16 garment factories sack union leaders
The labour ministry has completed its investigation against the 16 garment factories that have allegedly fired their trade union leaders in recent weeks, violating labour laws.
The development comes a few weeks before the labour secretary along with commerce and foreign secretaries are due to meet with diplomats from the US, the EU, the Netherlands, the UK and Germany on February 13 to brief on progress made in labour rights in the country under the Sustainability Compact signed last year.
“We received the complaints against the factories only last week and we started the investigation right away,” said Mikail Shipar, labour secretary, while declining to name the factories involved. The Directorate of Labour is due to submit the report today.
Bangladesh Garment Manufacturers and Exporters Association too acknowledged the violation of trade union rules by some of its members.
“Yes, we have also received at least four complaints from workers' leaders, who said they were terminated from their factories for unionism,” said Reaz-Bin-Mahmood, vice-president of the BGMEA.
Formation of trade unions has already been described in the amended labour law, so the workers have the full right for unionism, he said, adding that the garment manufacturers' platform is now investigating whether the factories are members of the BGMEA or not.
Roy Ramesh Chandra, general secretary of the local arm of IndustriALL, a global union federation, said the amended labour law has many loopholes.

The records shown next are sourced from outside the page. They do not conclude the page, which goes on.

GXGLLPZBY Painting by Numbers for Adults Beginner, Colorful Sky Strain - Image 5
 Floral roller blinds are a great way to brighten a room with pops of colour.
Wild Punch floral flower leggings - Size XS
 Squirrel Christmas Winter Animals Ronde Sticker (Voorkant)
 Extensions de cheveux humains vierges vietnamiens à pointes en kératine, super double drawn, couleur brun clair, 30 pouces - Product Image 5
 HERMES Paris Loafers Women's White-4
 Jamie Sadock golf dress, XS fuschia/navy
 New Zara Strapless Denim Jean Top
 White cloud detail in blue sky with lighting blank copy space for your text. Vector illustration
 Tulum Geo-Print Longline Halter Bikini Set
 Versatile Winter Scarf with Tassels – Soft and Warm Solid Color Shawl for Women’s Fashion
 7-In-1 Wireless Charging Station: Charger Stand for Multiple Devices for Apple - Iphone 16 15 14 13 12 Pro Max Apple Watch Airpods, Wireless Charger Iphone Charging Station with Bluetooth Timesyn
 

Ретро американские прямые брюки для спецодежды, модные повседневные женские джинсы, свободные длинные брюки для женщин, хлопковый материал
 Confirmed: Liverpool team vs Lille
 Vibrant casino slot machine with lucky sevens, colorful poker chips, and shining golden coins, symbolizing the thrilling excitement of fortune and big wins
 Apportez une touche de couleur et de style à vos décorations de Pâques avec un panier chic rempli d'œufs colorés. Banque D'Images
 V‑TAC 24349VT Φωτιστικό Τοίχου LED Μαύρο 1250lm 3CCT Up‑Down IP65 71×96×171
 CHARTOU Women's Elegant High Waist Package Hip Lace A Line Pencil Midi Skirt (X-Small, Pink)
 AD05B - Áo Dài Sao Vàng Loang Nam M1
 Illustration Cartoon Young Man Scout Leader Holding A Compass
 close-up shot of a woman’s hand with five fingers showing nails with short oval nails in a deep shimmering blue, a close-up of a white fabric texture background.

The most glaring is the requirement of signatures of 30 percent workers for formation of trade unions. “In many factories workers are not interested in joining the unions as they fear losing their jobs,” he said, adding that only 5 percent of the workers are members of unions in Bangladesh.
Currently, the total number of trade unions in the garment sector is nearly 260, but they are divided and cannot raise their voices collectively to realise their demands.
Sirajul Islam Rony, a union leader, said everyday he is receiving complaints from workers of termination from their jobs for unionism. “The trade union rules violation is taking place mainly in the small factories, as they do not have bigger capacity.”
Following widespread pressure from the international community, the government amended the labour law to allow workers in garment factories the full freedom to associate, as demanded by the US, the EU and the International Labour Organisation among others.